Arkansas Negro Boys' Industrial School
- Interactive map of Arkansas Negro Boys' Industrial School
- Location: Arkansas;
- Opened: 1927
- Closed: 1968

= Arkansas Negro Boys' Industrial School =

Juvenile correctional facility, open 1927–1968

The Arkansas Negro Boys' Industrial School (1927–1968) was a juvenile correctional facility for black male youth in Arkansas. There were two locations in 1936, one in Jefferson County and one in Wrightsville 10 mi southeast of Little Rock. A fire in 1959 at the children's dormitory killed 21 victims. According to a 1967 lawsuit, the one in Jefferson County near Pine Bluff was known as White Boys School and held whites.

==Prelude==
The NBIS mission was to place children – who would otherwise have been sent to adult prisons – on its working cotton farm, and the first superintendent was Dr. Tandy Washington Coggs. As of March 1959, the Wrightsville school had 69 boys aged between 13 and 17. According to "Negro superintendent of the reform school" L. R. Gaines, "most of the boys in the dormitory were in for minor offenses such as hubcap stealing, or because their parents had split and there was no place for them to go." The boys lived in a 1936 Works Progress Administration building described by Time as "rickety". Governor of Arkansas Orval Faubus (perhaps best known for his role in the Little Rock school segregation fight) visited the school in January 1958, saying "They really need help. They are using some old wood stoves which should be replaced", but Faubus had in fact reduced the budget by $7,100. Graduate student Gordon D. Morgan wrote a report in which he stated, "Many boys go for days with only rags for clothes ... More than half of them wear neither socks nor underwear during [the winter] of 1955-56".

==Fire==
In the pre-dawn morning of March 5, 1959, a fire was set in the dormitory of the Wrightsville facility. Arthur Ray Poole, aged 16, one of two inmate "sergeants" with minor responsibility, smelled the smoke. Police never investigated to determine who or what may have caused the fire, although many claims have been made. The doors had been locked into the dormitory, and the windows covered with "heavy gauge wire mesh", making escape nearly impossible. It is noted that the equivalent school for white children did not have a protocol of locking their doors. O. F. "Charley" Meadows, a 16-year-old night sergeant, helped in breaking open one window, allowing for egress. Forty-eight boys managed to escape, while 21 burned to death.

==Aftermath==
The families of the deceased said that authorities told them that 14 of the dead boys were wrapped in newspapers and deposited in an unmarked grave. The gravesite is located at Haven of Rest Cemetery in Little Rock, Arkansas. There was nothing to denote that the children buried there until 2018 when a plaque was donated to the site. On the 50th anniversary of the fire, some families of the dead held a press conference at the Arkansas State Capitol.
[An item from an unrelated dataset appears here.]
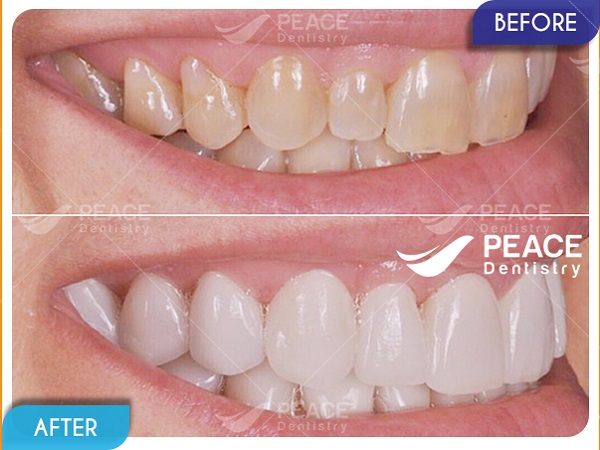 Dán mặt sứ Veneer cho răng tối màu
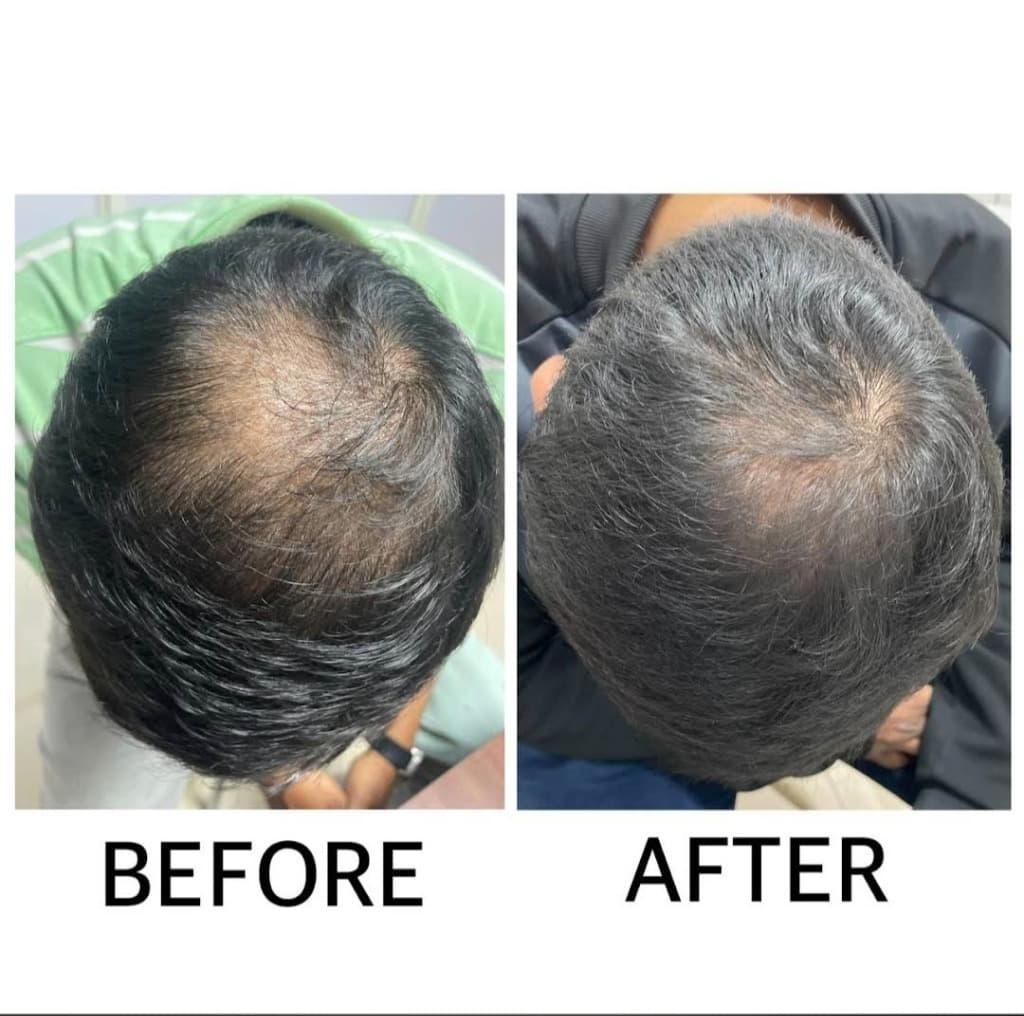 Treatment Result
Segregationist Governor of Arkansas Orval Faubus asked a committee to investigate the fire. The committee concluded that the correctional facility, the State of Arkansas, and the local community held responsibility for the incident, but recommended no course of action. A Pulaski County grand jury returned no indictments, but stated:

The blame can be placed on lots of shoulders for the tragedy: the Board of Directors, to a certain extent, who might have pointed out through newspaper and other publicity the extreme hazards and plight of the school; the Superintendent and his staff, who perhaps continued to do the best they could in a resigned fashion when they had nothing to do with [it]; the State Administration, one right after another through the past years, who allowed conditions to become so disreputable; the General Assembly of the State of Arkansas, who should have been so ashamed of conditions that they would have previously allowed sufficient money to have these conditions corrected; and finally on the people of Arkansas, who did nothing about it.
A KTHV report said that "somehow the story faded into the backdrop of the Civil Rights Movement." Frank Lawrence, brother of one of the victims, attempted to make a documentary and brought the fire more widespread attention in the early 21st century.

The land once occupied by the unit now houses the Arkansas Department of Correction's Wrightsville Unit. For sixty years, there was no marker or memorial that indicated that the boys school existed or that the fire occurred. On April 25, 2019, a monument to the dead was unveiled at the Wrightsville Unit of the Arkansas Department of Correction.